About 1/3 of those who support eliminating ACA individual mandate via tax reform switch to opposing it after presented with facts/arguments
- As Republicans in Congress continue efforts to pass tax reform, the November Kaiser Health Tracking Poll examines views of the plans and how they relate to health care issues. Overall, reforming the tax code is seen as a “top priority” for President Trump and Congress by about three in ten (28 percent), falling well-behind several health care issues such as reauthorizing funding for the State Children’s Health Insurance Program (CHIP) (62 percent) and stabilizing the ACA marketplaces (48 percent). Among Republicans, about half (51 percent) say reforming the tax code is a “top priority” which is similar to the share who say the same about providing funding for places in the U.S. affected by hurricanes (52 percent), repealing the ACA (50 percent), reauthorizing CHIP (46 percent), stabilizing the ACA marketplaces (46 percent), and addressing the prescription painkiller epidemic (46 percent).
- One possible change in a Republican tax plan is eliminating the deduction allowed for high medical costs. The majority of the public (68 percent) – including majorities of Democrats (77 percent), independents (66 percent), and Republicans (61 percent) – oppose eliminating the tax deduction for individuals who have high health care costs. One reason why the majority of the public may oppose eliminating the tax deduction for high medical expenses is because more than four in ten (44 percent) think eliminating this tax deduction would affect them and their families.
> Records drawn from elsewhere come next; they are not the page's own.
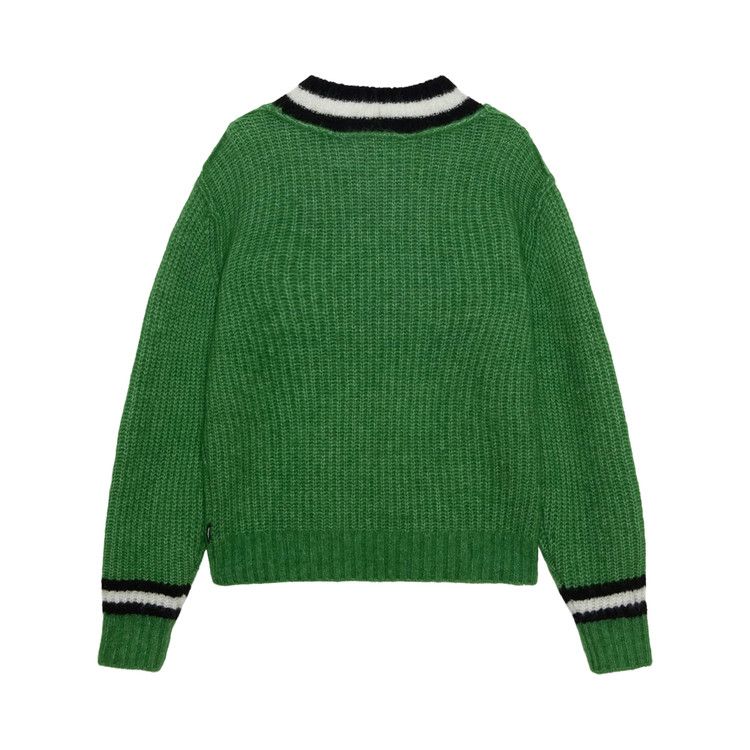 Stussy Mohair Tennis Sweater Green
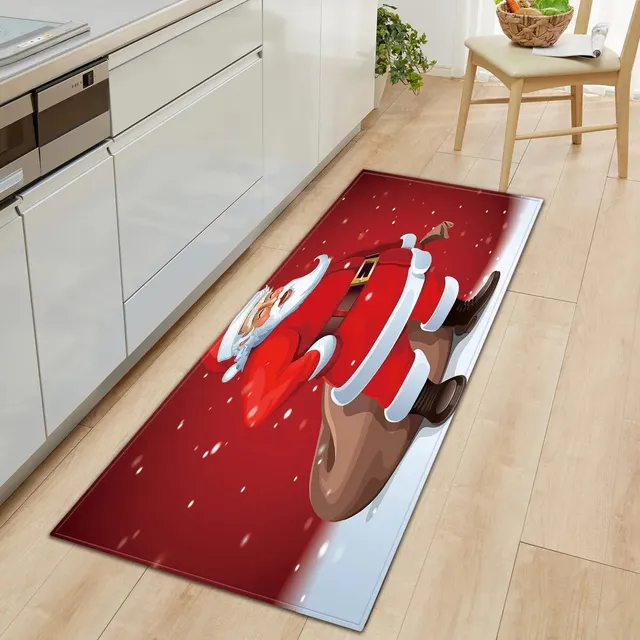 Cute carpet for Christmas season - Rectangular carpet with anti-slip surface for bedroom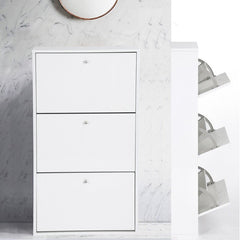 20 Pair Shoe Storage Cabinet Shoe Unit Will Fit Right Into your Hallway. Featuring Lots of Storage,Between 9-12 Pairs of Shoes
- The majority of the public (55 percent) support the idea of eliminating the requirement for all Americans to have health insurance or else pay a fine as part of the Republican tax plan. Views are largely driven by party with three-fourths of Republicans (73 percent) and six in ten independents (58 percent) supporting eliminating the individual mandate, while the majority of Democrats (59 percent) oppose eliminating the requirement as part of the Republican tax plan. Attitudes towards this idea are malleable with the share of the public who oppose eliminating the individual mandate growing to 62 percent when hearing that most people get their coverage through their employer or a public insurance program and therefore are not affected by the requirement.
- Looking to the political landscape and the 2018 midterm elections, the public is divided in their views of which could prove to be a bigger deal for President Trump and Republicans in Congress: not passing a tax reform plan or not repealing the ACA. Nearly half of the public say it will be a bigger problem if the president and Republicans are unable to pass their tax reform plan (47 percent), which is similar to the share who say it will be a bigger problem if they have not repealed the ACA (44 percent). Republicans are also divided with half saying it will be a bigger problem if President Trump and Republicans are unable to repeal the ACA compared to a similar share who say it will be a bigger problem if they are unable to pass their tax reform plan (45 percent).
Current Priorities for President Trump and Congress
When asked about a series of things that President Trump and Congress might try to do in the coming months, about six in ten of the public say reauthorizing funding for the State Children’s Health Insurance Program (CHIP) (62 percent) and providing funding for places in the U.S. affected by hurricanes (61 percent) should each be a “top priority.” This is followed by half (48 percent) who say stabilizing the ACA marketplaces where people who don’t get health insurance through their employer can buy coverage should be a “top priority” and four in ten (43 percent) who say addressing the prescription painkiller addiction epidemic should be a “top priority” for President Trump and Congress. Other issues, like strengthening immigration controls (35 percent) and passing legislation to allow Dreamers to stay in the U.S. (34 percent) have about a third of the public reporting each should be a “top priority.”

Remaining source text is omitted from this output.